_Your goal_
Apart from pictures, transcribe exactly each line from the one containing "Easter Eggs Coloring Page" through the final line of the listing below.
--- START ---
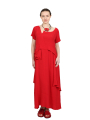 Pal Offner - Dress - Fluid Dress - Crêpe Georgette - Wild Red - 2501.1101103.140004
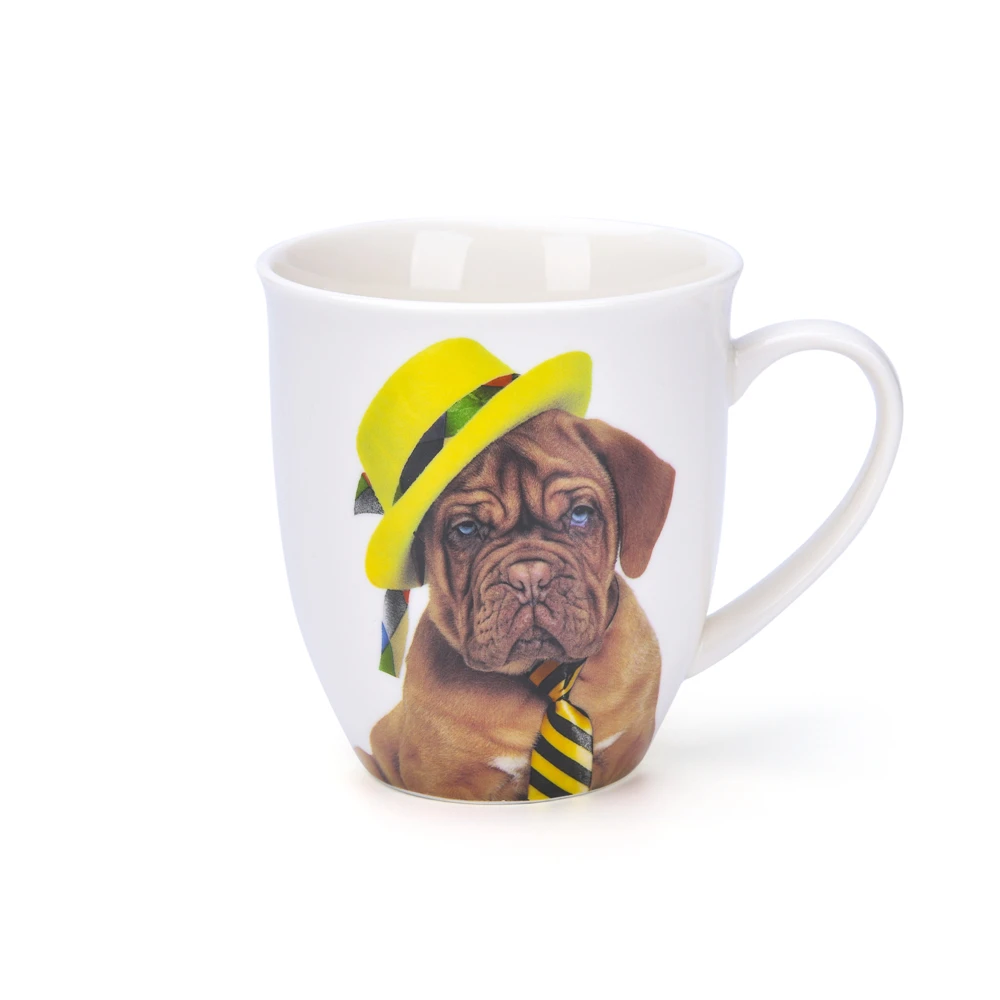 Hot Selling China Supplier Ceramic Cup 12oz Fine Porcelain Christmas Mug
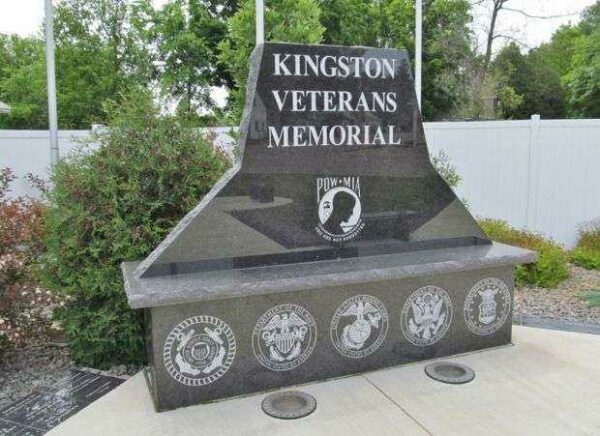 KINGSTON VETERANS MEMORIAL ENTRANCE STONE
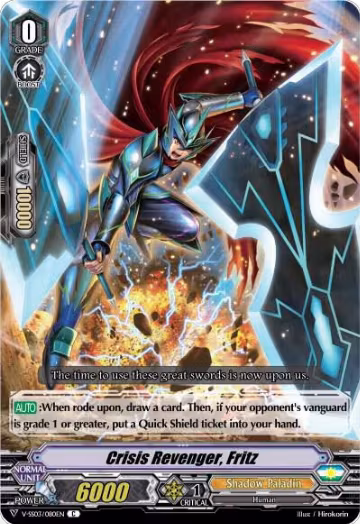 Crisis Revenger, Fritz (V-SS03/080EN), V-SS03: Festival Collection — Vanguard card price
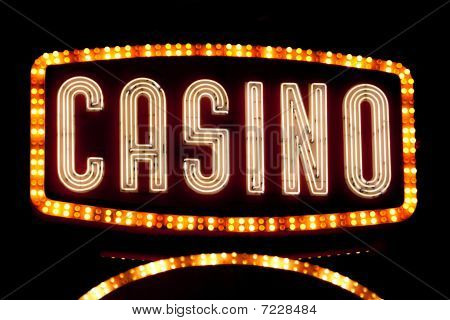 ป้ายนีออนคาสิโน
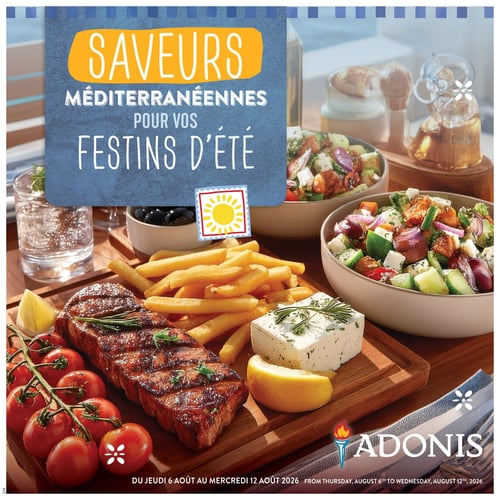 Circulaire Adonis - Saveurs de la Méditerranée - Page 1
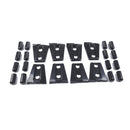 8 PCS Automotive ABS Side Door Hinge Protector Cover Trim for Jeep Wrangler JK 4 Door 2007-2017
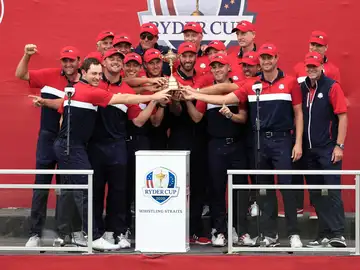 Estados Unidos arrasa a Europa en la Ryder Cup y avisa: "Esta es una nueva era" Estados Unidos arrasa a Europa en la Ryder Cup y avisa: "Esta es una nueva era"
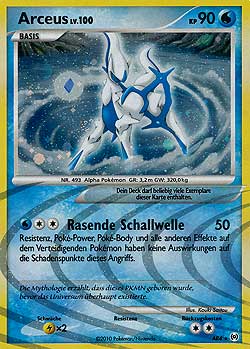Kabutops 4 — Arceus (German Pokémon TCG card)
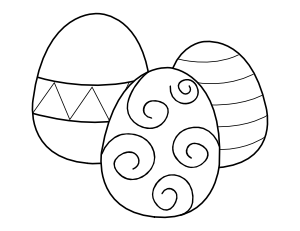 Easter Eggs Coloring Page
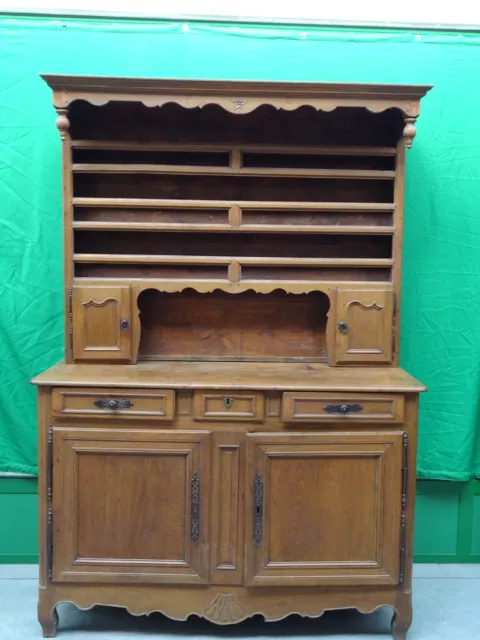 Credenza/piattaia Luigi XV in rovere francese prima metà del 1700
--- END ---
_Result of this exercise_
 Easter Eggs Coloring Page
 Credenza/piattaia Luigi XV in rovere francese prima metà del 1700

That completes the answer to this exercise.